Image-backed grounding data
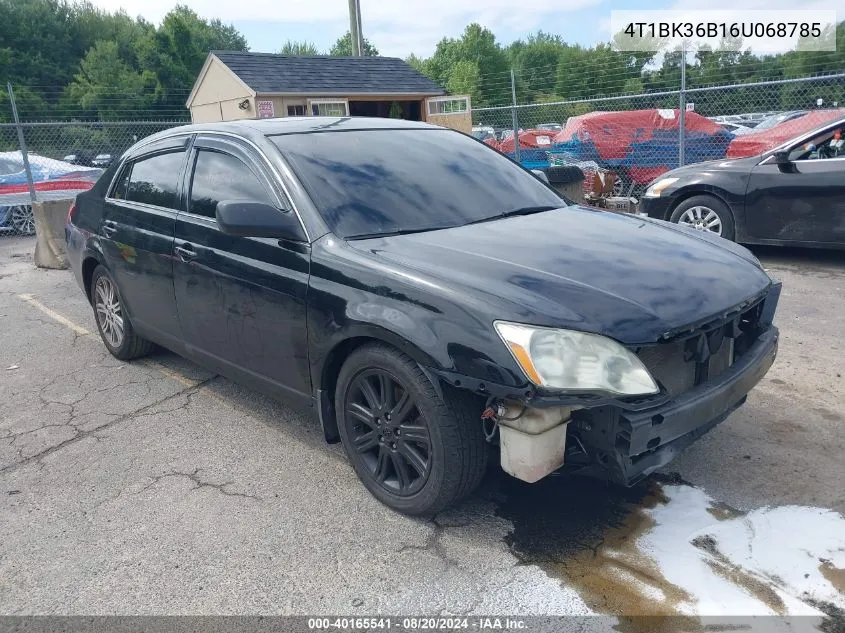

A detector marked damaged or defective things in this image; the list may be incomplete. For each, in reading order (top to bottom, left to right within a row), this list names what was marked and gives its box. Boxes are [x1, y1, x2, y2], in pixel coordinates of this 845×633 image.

cracked asphalt [0, 235, 840, 616]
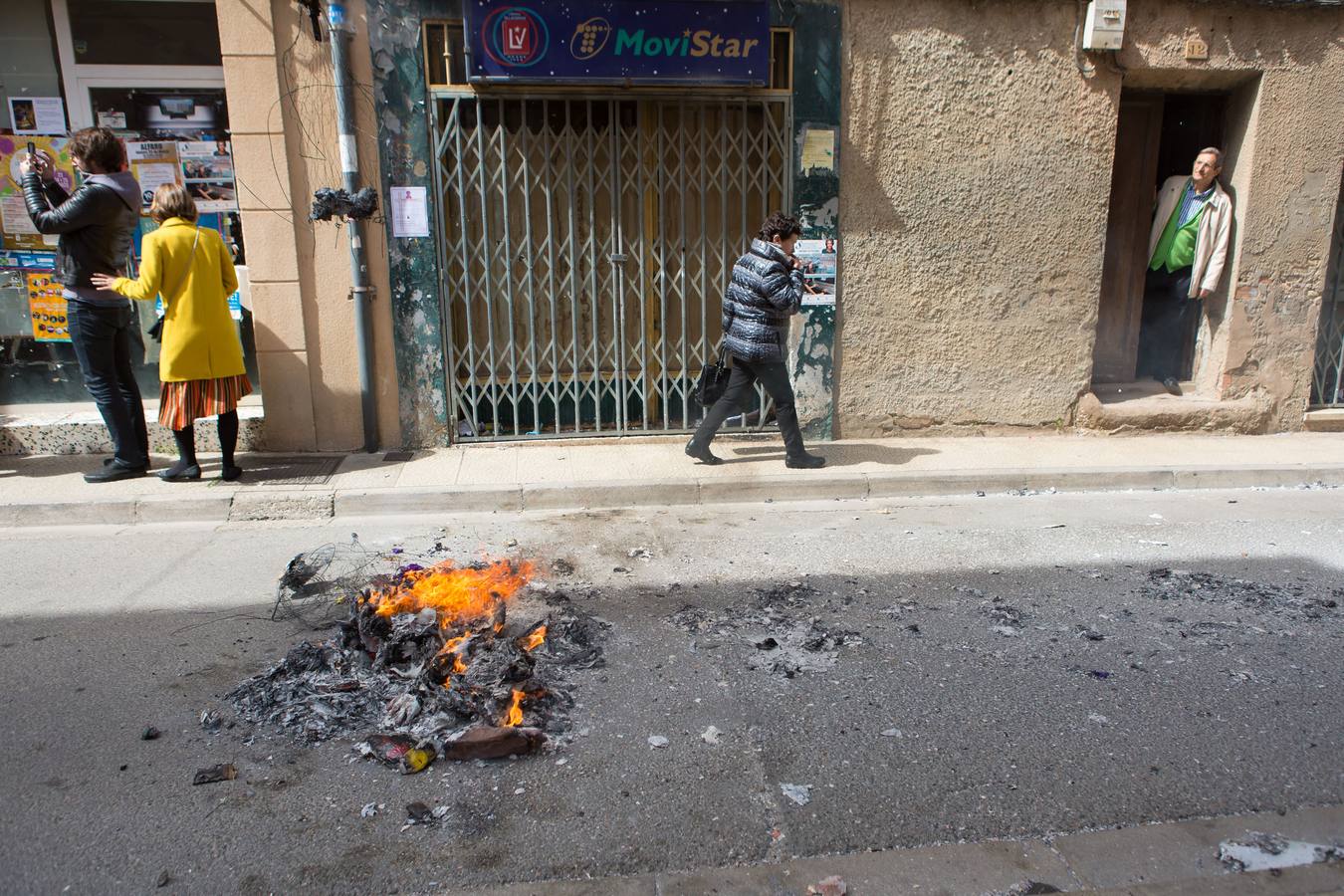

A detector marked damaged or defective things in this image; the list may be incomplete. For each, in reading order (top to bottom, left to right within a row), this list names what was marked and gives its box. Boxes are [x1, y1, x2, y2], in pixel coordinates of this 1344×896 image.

burnt plastic debris [309, 187, 378, 222]
burnt plastic debris [192, 763, 236, 784]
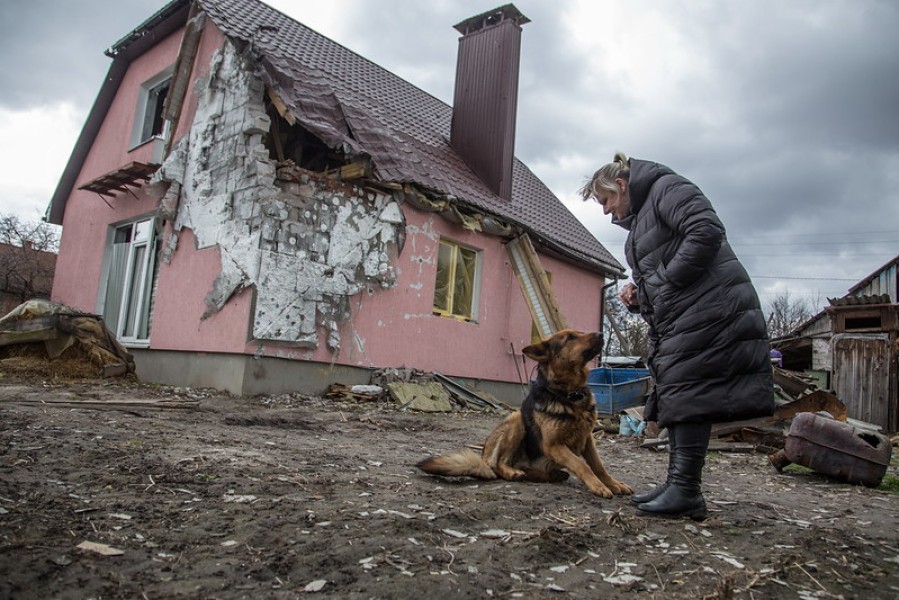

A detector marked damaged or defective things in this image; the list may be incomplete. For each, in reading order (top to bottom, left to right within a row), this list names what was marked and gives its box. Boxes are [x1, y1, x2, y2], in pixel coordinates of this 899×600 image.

cracked exterior wall [150, 42, 400, 354]
broken plaster [149, 41, 402, 352]
damaged pink house [47, 0, 624, 404]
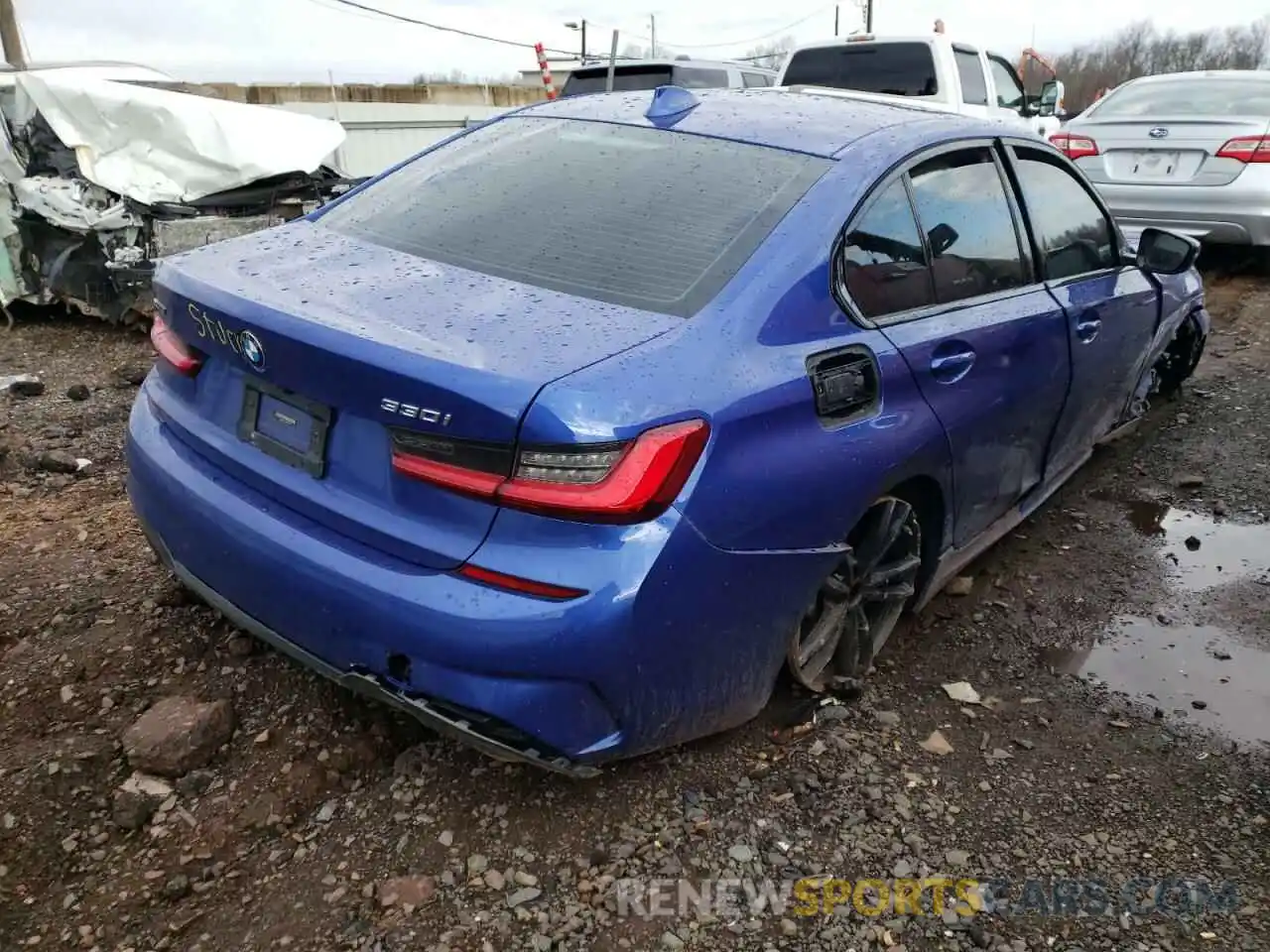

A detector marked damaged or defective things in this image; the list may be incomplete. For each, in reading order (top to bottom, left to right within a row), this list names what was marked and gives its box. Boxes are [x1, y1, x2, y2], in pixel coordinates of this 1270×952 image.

white wrecked car [0, 63, 357, 327]
crumpled white body panel [16, 75, 352, 205]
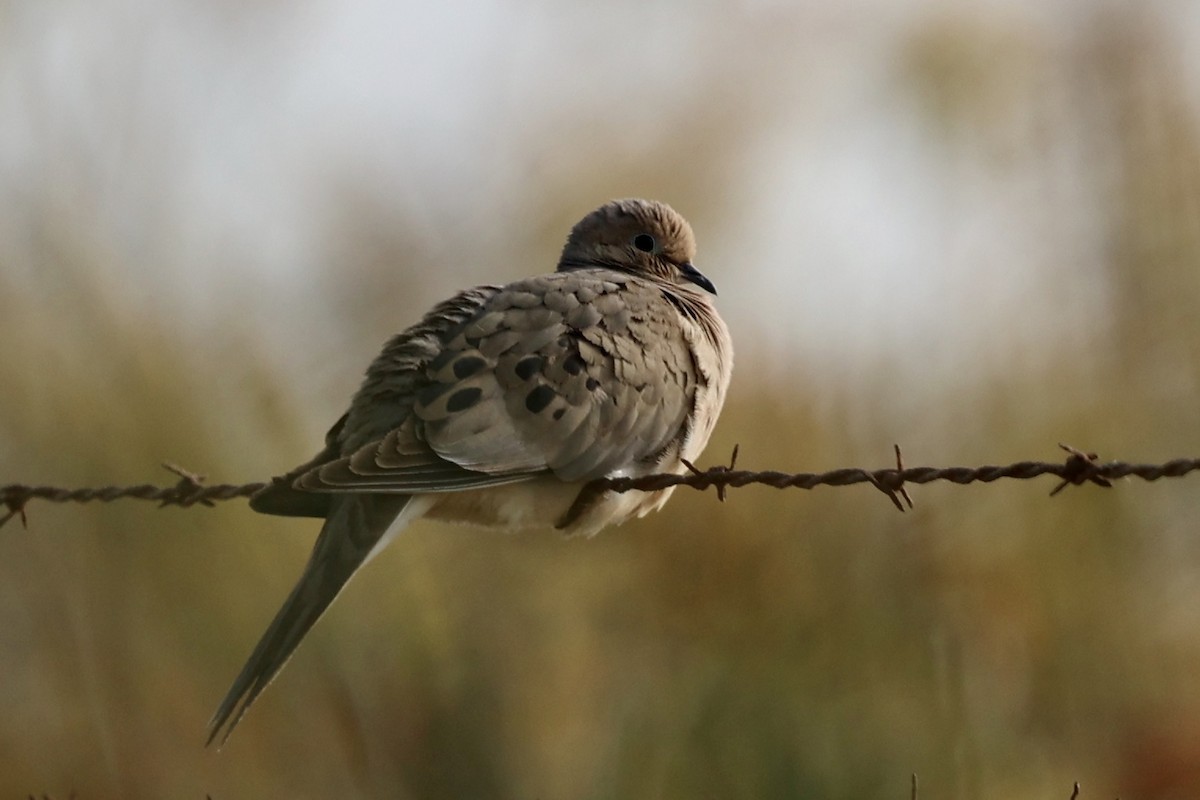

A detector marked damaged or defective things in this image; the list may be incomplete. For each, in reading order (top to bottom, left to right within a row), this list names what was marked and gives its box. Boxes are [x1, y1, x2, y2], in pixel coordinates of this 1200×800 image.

rusty barbed wire [0, 444, 1192, 532]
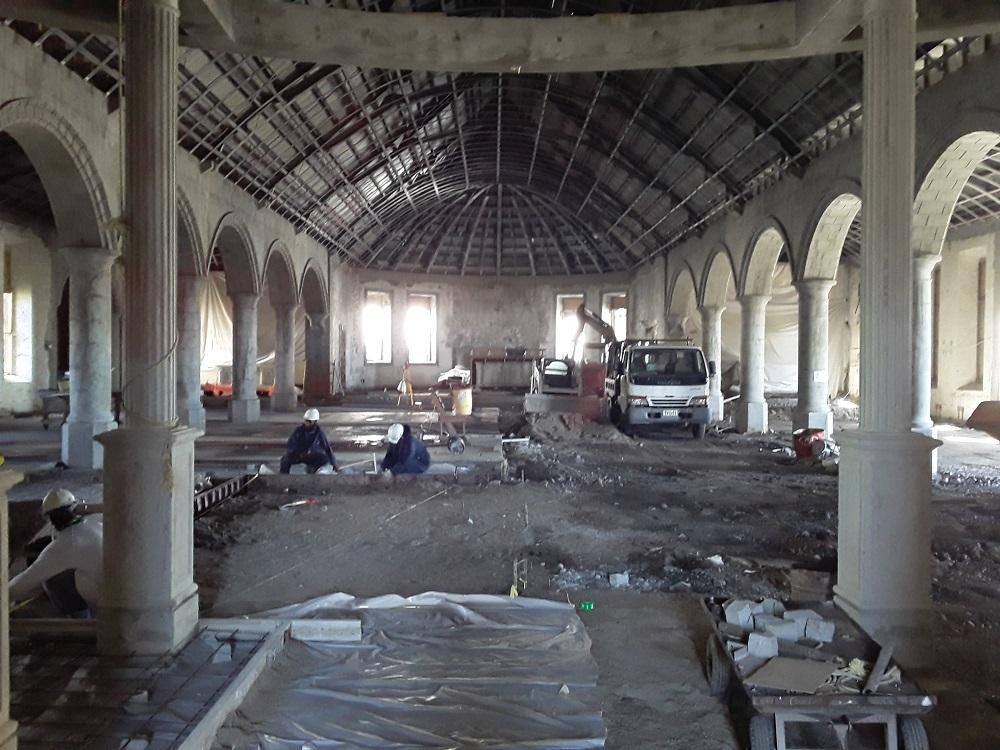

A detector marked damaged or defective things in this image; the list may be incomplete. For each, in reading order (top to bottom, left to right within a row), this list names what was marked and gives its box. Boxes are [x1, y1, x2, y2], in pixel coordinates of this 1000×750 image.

peeling plaster wall [340, 270, 628, 390]
peeling plaster wall [928, 229, 1000, 424]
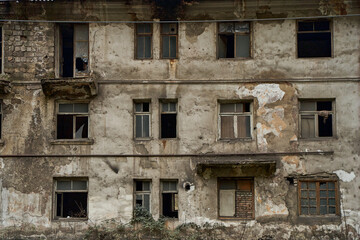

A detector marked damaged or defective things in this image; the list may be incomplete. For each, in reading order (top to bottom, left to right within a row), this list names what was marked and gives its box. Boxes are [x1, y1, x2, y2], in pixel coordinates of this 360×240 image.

broken window [58, 23, 89, 77]
broken window [135, 23, 152, 59]
broken window [161, 23, 178, 59]
broken window [218, 22, 252, 58]
broken window [296, 19, 330, 58]
broken window [57, 102, 89, 140]
broken window [134, 101, 150, 139]
broken window [160, 101, 177, 139]
broken window [219, 102, 250, 140]
broken window [300, 100, 334, 139]
broken window [54, 178, 88, 219]
broken window [135, 180, 152, 212]
broken window [161, 180, 178, 218]
broken window [218, 178, 255, 219]
broken window [300, 180, 338, 216]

**PROBLEM REQUIREMENTS:**
Could you reproduce, exactly as written, the lines running from the one with "this 360×240 image." to the end of the entries above?

**EXERCISE SOLUTION:**
A detector marked damaged or defective things in this image; the list may be incomplete. For each, in reading order (top to bottom, left to right within a row), this list names what was marked and gives its box. Boxes are [x1, y1, x2, y2], in pixel coordinates of this 360×240 image.

broken window [58, 23, 89, 77]
broken window [135, 23, 152, 59]
broken window [161, 23, 178, 59]
broken window [218, 22, 252, 58]
broken window [296, 19, 330, 58]
broken window [57, 102, 89, 140]
broken window [134, 101, 150, 139]
broken window [160, 101, 177, 139]
broken window [219, 102, 250, 140]
broken window [300, 100, 334, 139]
broken window [54, 178, 88, 219]
broken window [135, 180, 152, 212]
broken window [161, 180, 178, 218]
broken window [218, 178, 255, 219]
broken window [300, 180, 338, 216]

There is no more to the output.